What is required |
Could you print all of the data below again, exactly?

Records supplied |
# # # # #

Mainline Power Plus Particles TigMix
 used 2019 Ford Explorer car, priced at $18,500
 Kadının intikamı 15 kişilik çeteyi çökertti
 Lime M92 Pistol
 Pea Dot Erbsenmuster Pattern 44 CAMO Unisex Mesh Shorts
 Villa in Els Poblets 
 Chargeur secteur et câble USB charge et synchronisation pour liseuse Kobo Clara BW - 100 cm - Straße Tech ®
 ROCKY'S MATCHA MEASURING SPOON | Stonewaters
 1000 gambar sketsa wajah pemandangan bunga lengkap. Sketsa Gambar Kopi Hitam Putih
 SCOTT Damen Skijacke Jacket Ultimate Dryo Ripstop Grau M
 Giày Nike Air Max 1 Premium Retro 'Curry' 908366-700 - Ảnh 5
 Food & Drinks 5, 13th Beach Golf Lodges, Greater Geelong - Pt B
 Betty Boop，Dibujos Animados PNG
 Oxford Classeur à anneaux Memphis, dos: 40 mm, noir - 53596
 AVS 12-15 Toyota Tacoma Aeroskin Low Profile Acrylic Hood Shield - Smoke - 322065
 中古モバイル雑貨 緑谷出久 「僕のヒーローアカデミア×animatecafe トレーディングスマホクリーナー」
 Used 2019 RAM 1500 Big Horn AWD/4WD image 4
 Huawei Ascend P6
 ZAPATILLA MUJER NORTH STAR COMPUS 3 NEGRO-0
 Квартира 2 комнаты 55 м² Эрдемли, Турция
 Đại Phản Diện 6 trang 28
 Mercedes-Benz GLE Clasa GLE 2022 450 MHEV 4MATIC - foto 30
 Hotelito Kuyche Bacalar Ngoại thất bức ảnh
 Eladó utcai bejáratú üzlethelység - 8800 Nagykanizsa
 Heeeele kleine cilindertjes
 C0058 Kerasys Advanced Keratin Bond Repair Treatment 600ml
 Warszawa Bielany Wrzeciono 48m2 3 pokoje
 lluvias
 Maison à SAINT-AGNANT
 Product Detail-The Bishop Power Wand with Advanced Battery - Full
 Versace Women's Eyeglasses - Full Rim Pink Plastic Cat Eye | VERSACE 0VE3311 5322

# # # # #

Answer |
Mainline Power Plus Particles TigMix
 used 2019 Ford Explorer car, priced at $18,500
 Kadının intikamı 15 kişilik çeteyi çökertti
 Lime M92 Pistol
 Pea Dot Erbsenmuster Pattern 44 CAMO Unisex Mesh Shorts
 Villa in Els Poblets 
 Chargeur secteur et câble USB charge et synchronisation pour liseuse Kobo Clara BW - 100 cm - Straße Tech ®
 ROCKY'S MATCHA MEASURING SPOON | Stonewaters
 1000 gambar sketsa wajah pemandangan bunga lengkap. Sketsa Gambar Kopi Hitam Putih
 SCOTT Damen Skijacke Jacket Ultimate Dryo Ripstop Grau M
 Giày Nike Air Max 1 Premium Retro 'Curry' 908366-700 - Ảnh 5
 Food & Drinks 5, 13th Beach Golf Lodges, Greater Geelong - Pt B
 Betty Boop，Dibujos Animados PNG
 Oxford Classeur à anneaux Memphis, dos: 40 mm, noir - 53596
 AVS 12-15 Toyota Tacoma Aeroskin Low Profile Acrylic Hood Shield - Smoke - 322065
 中古モバイル雑貨 緑谷出久 「僕のヒーローアカデミア×animatecafe トレーディングスマホクリーナー」
 Used 2019 RAM 1500 Big Horn AWD/4WD image 4
 Huawei Ascend P6
 ZAPATILLA MUJER NORTH STAR COMPUS 3 NEGRO-0
 Квартира 2 комнаты 55 м² Эрдемли, Турция
 Đại Phản Diện 6 trang 28
 Mercedes-Benz GLE Clasa GLE 2022 450 MHEV 4MATIC - foto 30
 Hotelito Kuyche Bacalar Ngoại thất bức ảnh
 Eladó utcai bejáratú üzlethelység - 8800 Nagykanizsa
 Heeeele kleine cilindertjes
 C0058 Kerasys Advanced Keratin Bond Repair Treatment 600ml
 Warszawa Bielany Wrzeciono 48m2 3 pokoje
 lluvias
 Maison à SAINT-AGNANT
 Product Detail-The Bishop Power Wand with Advanced Battery - Full
 Versace Women's Eyeglasses - Full Rim Pink Plastic Cat Eye | VERSACE 0VE3311 5322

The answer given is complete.